L’Italia si divide – come sempre – in due oggi, ultimo giorno di vita dell’Unità.
I gaudenti stringono la mano a chi considera logica la chiusura di un giornale che nessuno acquista, mentre i discepoli si rammaricano e gridano al complotto, alla nostalgia di una democrazia di cui l’Unità si erige(va) a simbolo.
Fondato da Antonio Gramsci nel 1924, l’Unità non appartiene al PD che detiene comunque quote della società editoriale Nuova Iniziativa Editoriale. Il quotidiano é stato organo del PCI dal ’24 al ’91, poi del PDS, poi del DS.
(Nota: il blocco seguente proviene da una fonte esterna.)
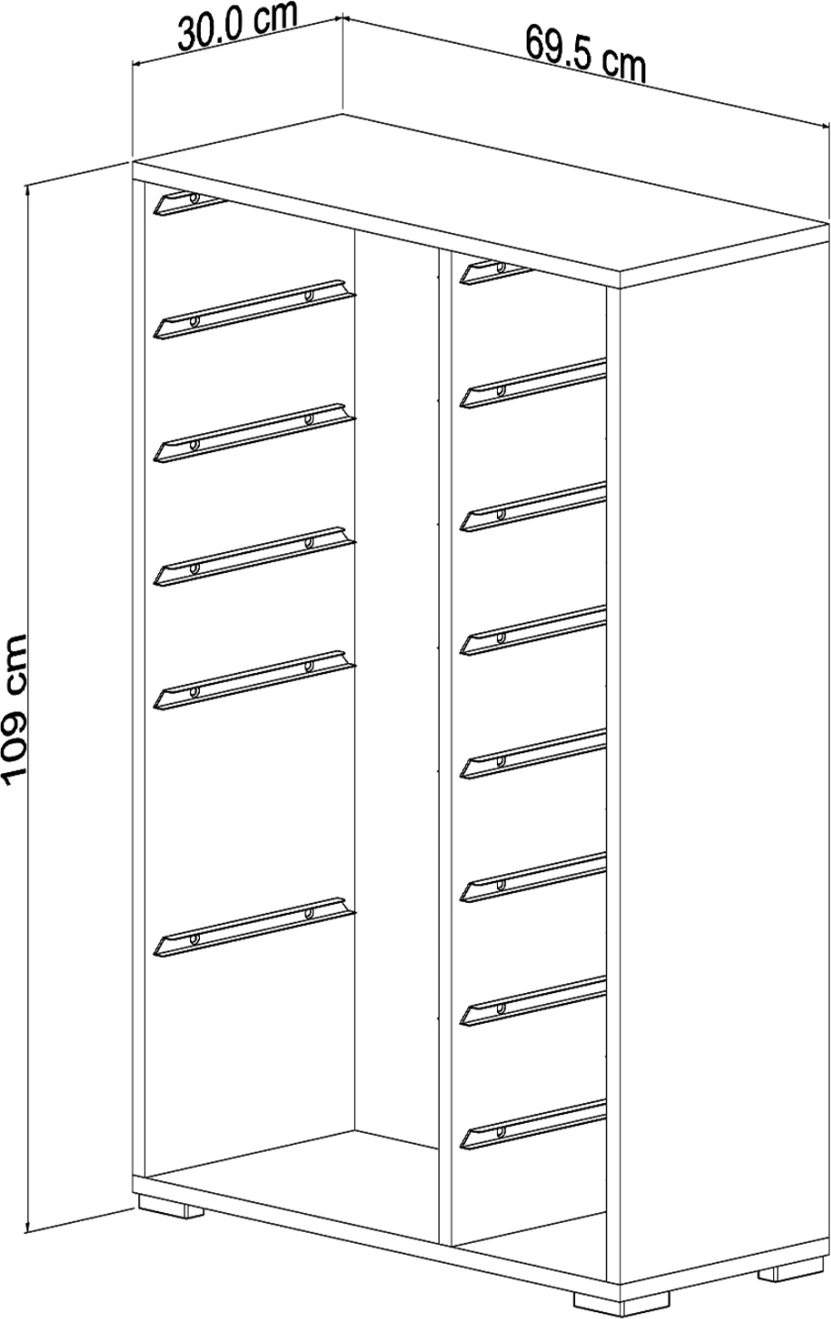 Komoda SANI FH18211.01 melamin v beli barvi - 14 belih P.E. predalov 69,5x30x109H cm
É già accaduto nel passato del giornale di veder le rotative ferme in un sonno di morte: nel 2000 infatti, si registra quello che Michele Serra definì un ‘delitto perfetto’. Dopo il complesso processo di privatizzazione iniziato nel 1997 si verifica un abbattimento delle copie vendute – meno di 50mila – che si traduce con otto mesi di silenzio.
Nel 2001, la rinascita attraverso l’introduzione di alcune novità quali i settimanali Left e Arturo, la community ComUnità, l’edizione Tedesca in stampa a Berlino e l’edizione online.
É nel Giugno del 2014 che, come una qualsiasi attività commerciale, la proprietà di dichiara pressata dai debiti e confessa una pericolosa situazione che odora di fallimento.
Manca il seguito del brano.